VOTRE CARTE A ÉTÉ AVALÉE
Depuis cette belle flottaison des enjeux, Bielinsky lance plusieurs pistes, dont certaines mènent à bon port. On retiendra notamment un plan-séquence virtuose, en retrait contemplatif d'une fusillade, convoquant autant le mirage hollywoodien (pétoires, voitures de flics, course à la mort, Scope parfaitement exploité), qu'une sensibilité plus lyrique, qu'on qualifiera maladroitement d'"européenne" (on se prend à songer, avec étonnement, aux Espérances de feu de Philippe Garrel, ou à La Peur, petit chasseur de Laurent Achard). D'une maîtrise impressionnante, mais jamais surlignée (on n'est pas chez Carlos Reygadas, ni chez Amat Escalante), cette séquence transcende autant qu'elle condamne le film, la suite étant irrémédiablement affadie.

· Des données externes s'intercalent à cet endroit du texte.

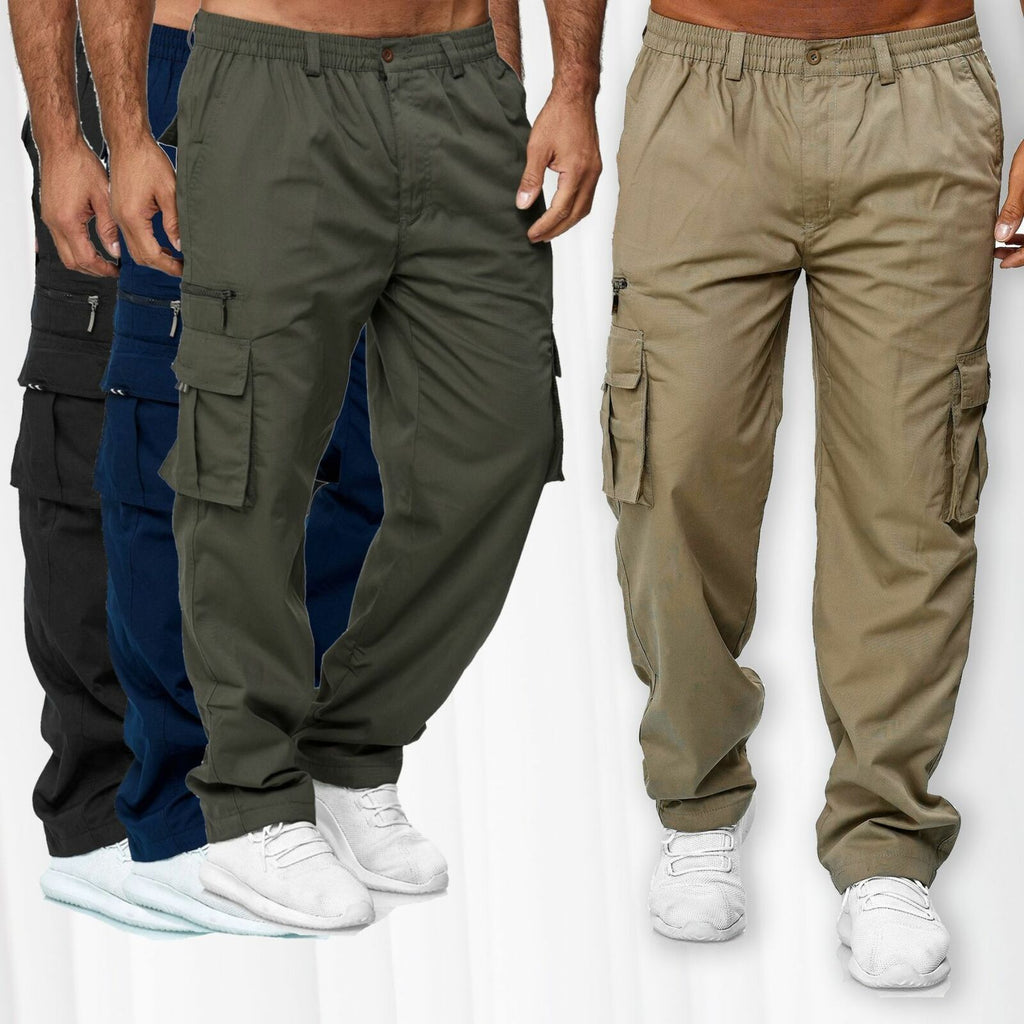 Men’s Multi-Pocket Cargo Pants – Loose Straight Casual Trousers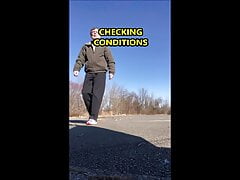 Public Bare Feet Naked JO in Parking Lot Feb 2020
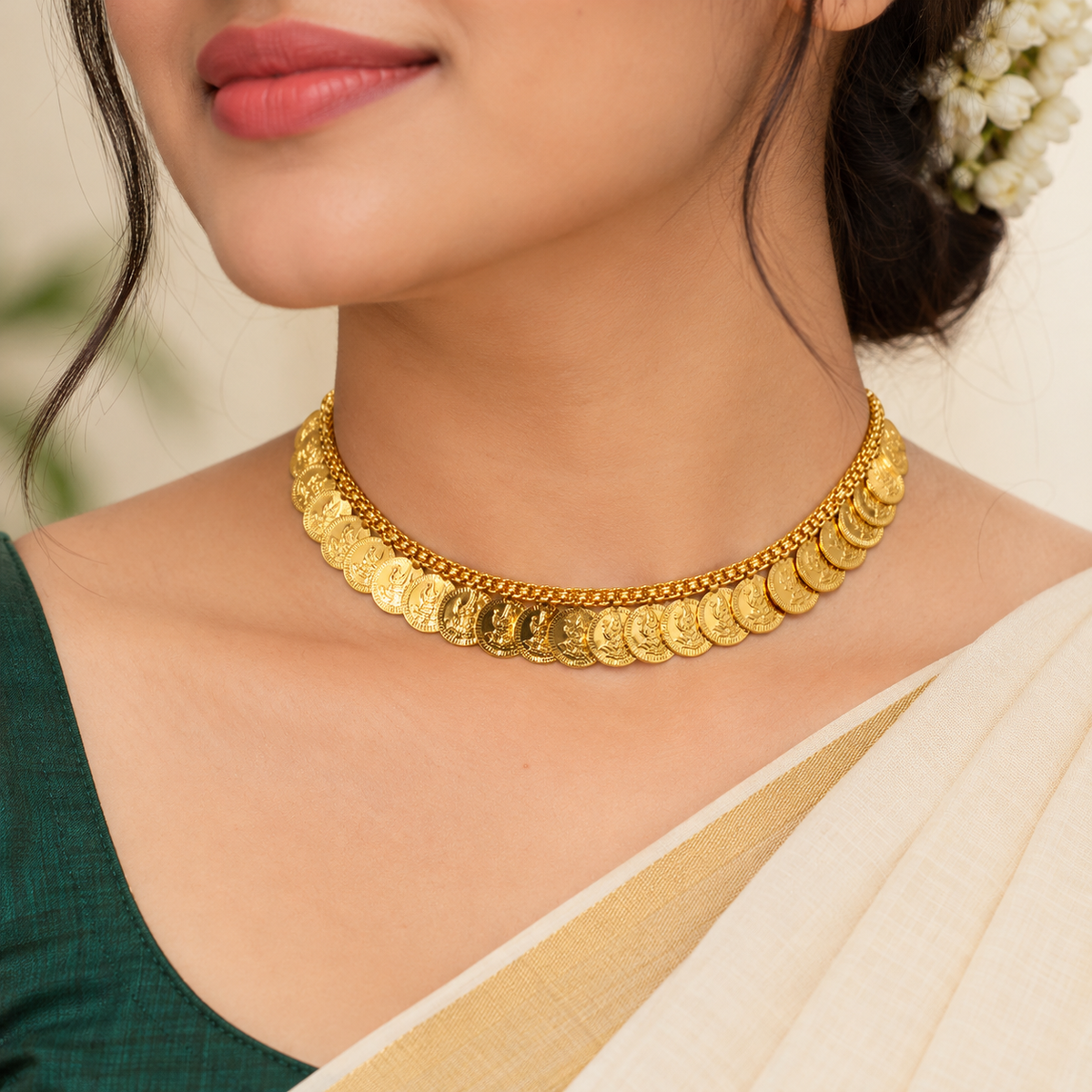 24K Gold Plated Traditional Lakshmi Coin Choker Necklace for Women | Kerala Traditional Temple Jewellery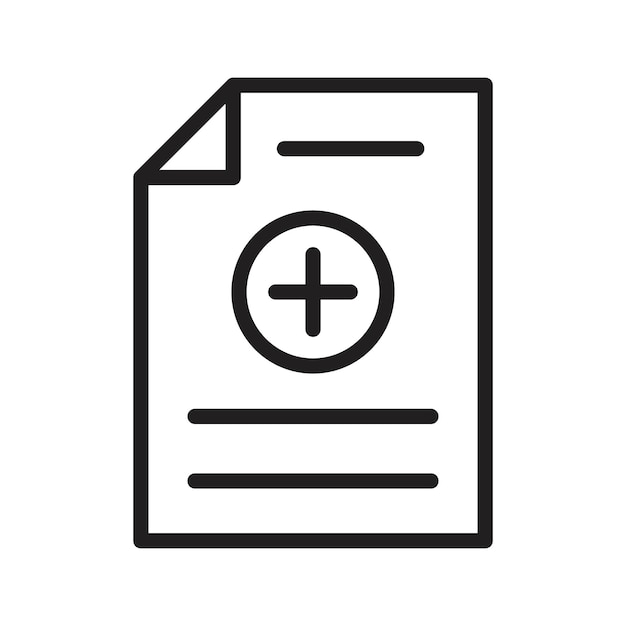 Add document icon outline set sign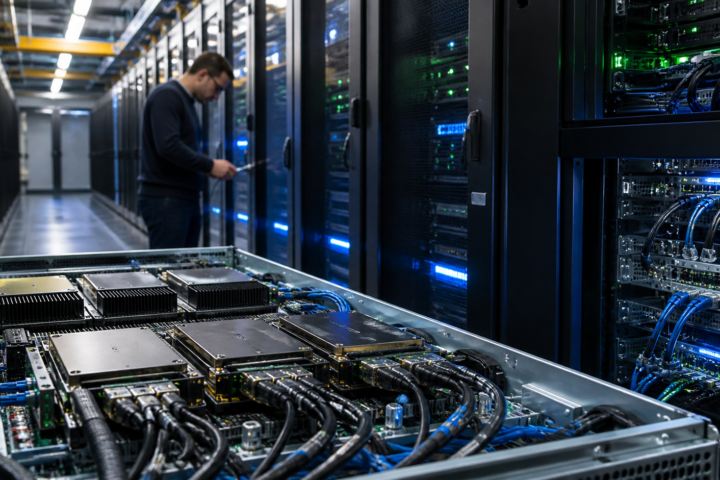 A technician works beside server racks and advanced computing hardware inside a modern data center.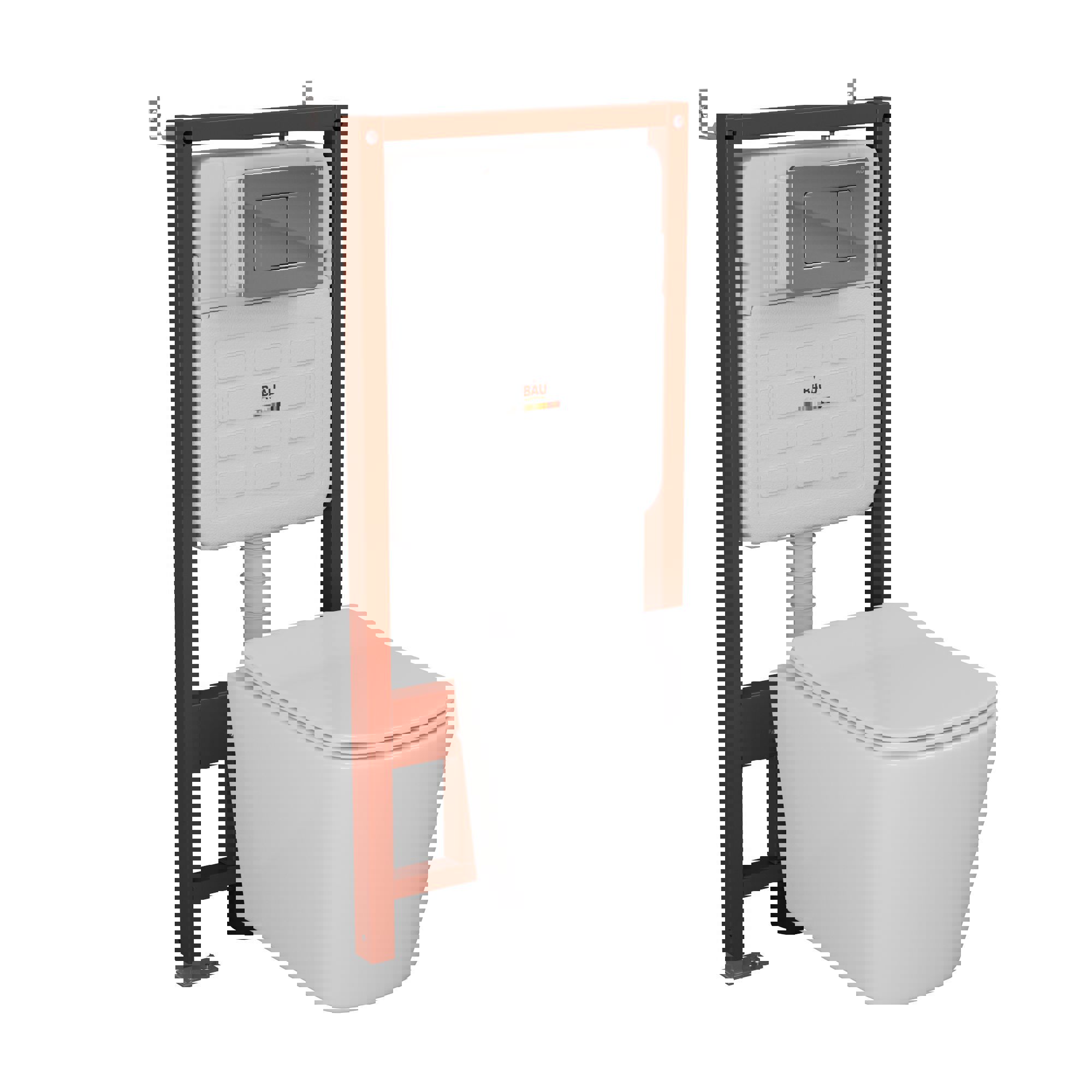 Изображение товара Комплект BAUEDGE E458103-BS0001-HQ5-E00105 6 в 1: инсталляция IDEAL, унитаз безободковый Stil Hurricane-5 сиденье быстросъемное микролифт кнопка Light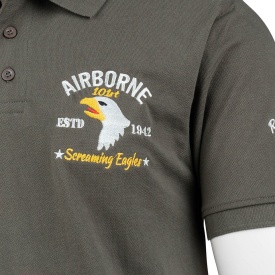 Tricou polo 101st Airborne Ecreaming Eagles - Oliv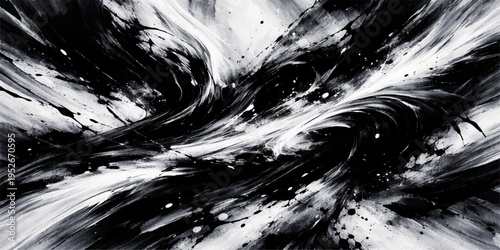 Abstract black and white landscape of a splashing water stream flowing over rocks in a cold liquid motion with a clean white ripple texture
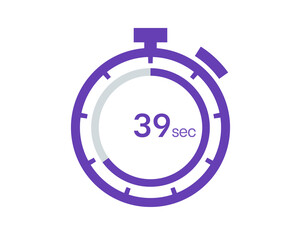 Fototapeta premium Timer 39 sec icon, 39 seconds digital timer. Clock and watch, timer, countdown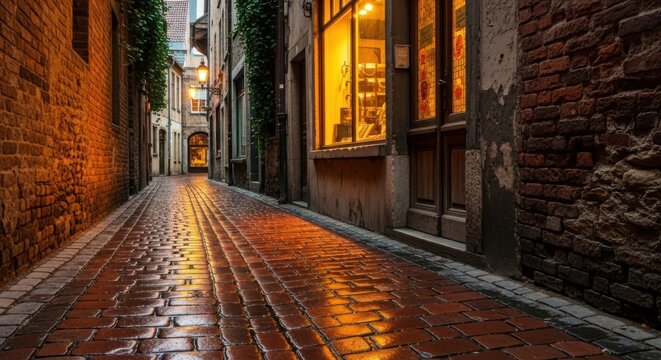Old European cobblestone street at night, narrow brick alleyway with warm shop window light, historic city lane with wet stone pavement reflections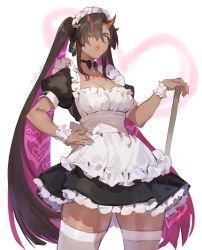 Rule 34 | 1girl, black hair, blue nails, breasts, cleavage, frills, hair over one eye, hand on own hip, highres, horns, large breasts, long hair, looking at viewer, maid, maid headdress, multicolored hair, nail polish, original, parted lips, purple hair, solo, standing, thighhighs, twintails, twitter username, two-tone hair, type-alpha, very long hair, white thighhighs, yellow eyes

Car El Aura pêche par excès d'inconstance – défaut croissant avec la durée, donc ici forcément sensible, sur les fort longues deux heures douze de métrage. Irrégulier et promettant trop pour, au final, ne pas donner assez, le film perd en assurance à mesure que le scénario résout mollement ses hypothèses. Comme si, pour filer la métaphore, Bielinsky avait oublié qu'un ATM finit toujours, si l'on attend trop pour la récupérer, par avaler la carte bancaire tendue dans le vide.